Implement the myAtoi(string s) function, which converts a string to a 32-bit signed integer.

The algorithm for myAtoi(string s) is as follows:

Whitespace: Ignore any leading whitespace (" ").
Signedness: Determine the sign by checking if the next character is '-' or '+', assuming positivity if neither present.
Conversion: Read the integer by skipping leading zeros until a non-digit character is encountered or the end of the string is reached. If no digits were read, then the result is 0.
Rounding: If the integer is out of the 32-bit signed integer range [-2³¹, 2³¹ - 1], then round the integer to remain in the range. Specifically, integers less than -2³¹ should be rounded to -2³¹, and integers greater than 2³¹ - 1 should be rounded to 2³¹ - 1.

Return the integer as the final result.

Example 1:

Input: s = "42"

Output: 42

Explanation:

The underlined characters are what is read in and the caret is the current reader position.
Step 1: "42" (no characters read because there is no leading whitespace)
         ^
Step 2: "42" (no characters read because there is neither a '-' nor '+')
         ^
Step 3: "42" ("42" is read in)
           ^

Example 2:

Input: s = " -042"

Output: -42

Explanation:

Step 1: "   -042" (leading whitespace is read and ignored)
            ^
Step 2: "   -042" ('-' is read, so the result should be negative)
             ^
Step 3: "   -042" ("042" is read in, leading zeros ignored in the result)
               ^

Example 3:

Input: s = "1337c0d3"

Output: 1337

Explanation:

Step 1: "1337c0d3" (no characters read because there is no leading whitespace)
         ^
Step 2: "1337c0d3" (no characters read because there is neither a '-' nor '+')
         ^
Step 3: "1337c0d3" ("1337" is read in; reading stops because the next character is a non-digit)
             ^

Example 4:

Input: s = "0-1"

Output: 0

Explanation:

Step 1: "0-1" (no characters read because there is no leading whitespace)
         ^
Step 2: "0-1" (no characters read because there is neither a '-' nor '+')
         ^
Step 3: "0-1" ("0" is read in; reading stops because the next character is a non-digit)
          ^

Example 5:

Input: s = "words and 987"

Output: 0

Explanation:

Reading stops at the first non-digit character 'w'.

Constraints:

0 <= s.length <= 200
s consists of English letters (lower-case and upper-case), digits (0-9), ' ', '+', '-', and '.'.

Step 01

The Brute Force Temptation

Many developers reach for regex or try to handle every edge case with nested if-else blocks. Let's see why that gets ugly fast:

The "Kitchen Sink" Approach

// Attempt 1: regex (seems clean... until it isn't)
Pattern p = Pattern.compile("^\\s*([+-]?\\d+)");
// But wait — how do you handle overflow?
// Long.parseLong("99999999999999999999") throws!

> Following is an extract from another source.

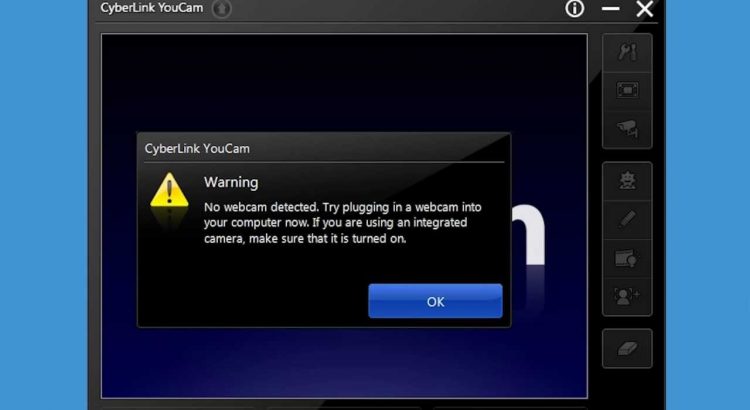 unable to detect Webcam Windows 10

// Attempt 2: strip + parse (multiple passes)
s = s.trim();                   // pass 1: strip whitespace
// check sign...                 // pass 2: inspect sign
// extract digits...              // pass 3: find digit span
// handle overflow somehow...     // ??? easy to get wrong

// Attempt 1: regex (seems clean... until it isn't)
re := regexp.MustCompile(`^\s*([+-]?\d+)`)
// But wait — how do you handle overflow?
// strconv.Atoi("99999999999999999999") returns an error

// Attempt 2: trim + parse (multiple passes)
s = strings.TrimSpace(s)       // pass 1: strip whitespace
// check sign...                 // pass 2: inspect sign
// extract digits...              // pass 3: find digit span
// handle overflow somehow...     // ??? easy to get wrong

# Attempt 1: regex (seems clean... until it isn't)
import re
match = re.match(r"^\s*([+-]?\d+)", s)
# Python handles big ints natively,
# but you still need to clamp to 32-bit range!

# Attempt 2: strip + parse (multiple passes)
s = s.strip()                   # pass 1: strip whitespace
# check sign...                 # pass 2: inspect sign
# extract digits...              # pass 3: find digit span
# handle overflow somehow...     # ??? easy to get wrong

// Attempt 1: regex (seems clean... until it isn't)
// The regex crate works but adds a heavyweight dependency
// and still doesn't handle 32-bit overflow automatically

// Attempt 2: trim + parse (multiple passes)
let s = s.trim_start();          // pass 1: strip whitespace
// check sign...                 // pass 2: inspect sign
// extract digits...              // pass 3: find digit span
// handle overflow somehow...     // ??? easy to get wrong

// Attempt 1: regex (seems clean... until it isn't)
const match = s.match(/^\s*([+-]?\d+)/);
// But wait — how do you handle overflow?
// Number.parseInt("99999999999999999999") loses precision!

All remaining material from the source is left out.